Alerte : nouveau thread sur Rimbaud !

Je donne les mots-clés :
Rimbaud / Verlaine / Voyelles / Apocalypse / Porno / Nazi / @GMeurice/ Robert Faurisson / Troubles mentaux / Surréalisme

(Oui, ça risque d'être un gros bordel...)
On commence doucement.
Rimbaud est devenu Rimbaud GRACE aux surréalistes, qui l'ont repêché des limbes littéraires, comme ils avaient repêché Sade ou Lautréamont.
Si on n’admet pas cela : on ne peut rien comprendre.
C’est-à-dire que les Surréalistes, dès 1918, avaient besoin de figures tutélaires, et ils se sont choisis des ancêtres pour justifier leur quête poético-métaphysique.

Et donc Breton annexa Rimbaud pépère : « Rimbaud est surréaliste dans la pratique de la vie et ailleurs"
Les surréalistes étaient des influenceurs à l'époque : la société a suivie.
Voici un tableau sur les occurrences Rimbaud/Verlaine dans les livres français depuis 200 ans...
L'étoile Rimbaud flambe par-dessus Verlaine, et le dépasse dès 1938...

(Oui, Google sait faire cela)
Mais attention, les Surréalistes n'aimaient pas TOUT Rimbaud :

"Nous négligeons la 2nde partie de sa vie où la marionnette a pris le dessus, où un assez lamentable polichinelle fait sonner à tout bout de champ sa ceinture d’or, pour ne considérer que le Rimbaud de 1871-1872"
1871-1872 : deux ans, ce n'est pas beaucoup dans la vie d'un homme... Mais c'est tout de même assez car c'est justement dans cette minuscule période que Rimbaud écrivit son poème le plus célèbre, et surtout : le poème le plus commenté de la littérature française...
Lequel est-ce à votre avis ?

Le dormeur du val ?

(Ne regardez pas l'image, elle est gore.)
(Vous avez regardé, hein ?)

#PsychologieInversée
Serait-ce Le Bateau ivre ?

(Vous pouvez regarder l'image.)
Eh bien non.
Le poème le plus commenté de la langue française se nomme "VOYELLES".

(Astuce : qu'est-ce qu'une voyelle ? C'est un son que votre bouche peut faire avec de l'air, sans être entravée par les dents, les lèvres, le palais, la langue etc.
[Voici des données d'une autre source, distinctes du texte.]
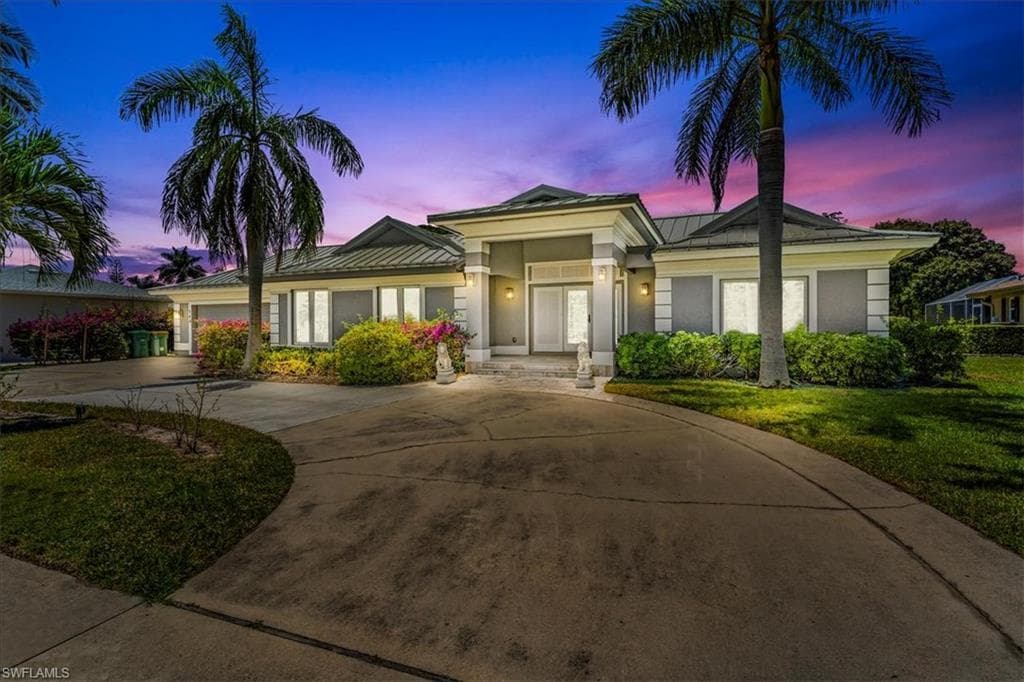 546 Nassau RD MARCO ISLAND, FL 34145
Sinon, c'est une consonne...)
Bref, il s'agit ici d'un sonnet (14 vers) que Rimbaud composa en 1871/72, dans lequel il donne des couleurs à nos voyelles AEIOU.
Ce poème ne fut publié qu'en 1883, par Verlaine, dans la revue Lutèce. (A cette époque, Rimbaud se foutait déjà de ce qu'il avait écrit...)
Ce qui est chouette, c'est qu'on possède le manuscrit autographe de ce poème, et que c'est toujours émouvant de voir les tracés appliqués de Rimbaud :
Pour ceux qui n'arrivent pas à déchiffrer, voici le texte, plus lisible :
J'en entends au fond de la salle : "Ca m'avance pas beaucoup, je comprends rien à ce poème, il ne veut rien dire."
Vous n'y comprenez rien ? Eh ben bravo : vous êtes comme tout le monde depuis 1883.
On va essayer d'y voir clair...
Cette géniale audition colorée a donné lieu à mille interprétations : biographique, alchimique, maladive, imitative… (Pornographique également.)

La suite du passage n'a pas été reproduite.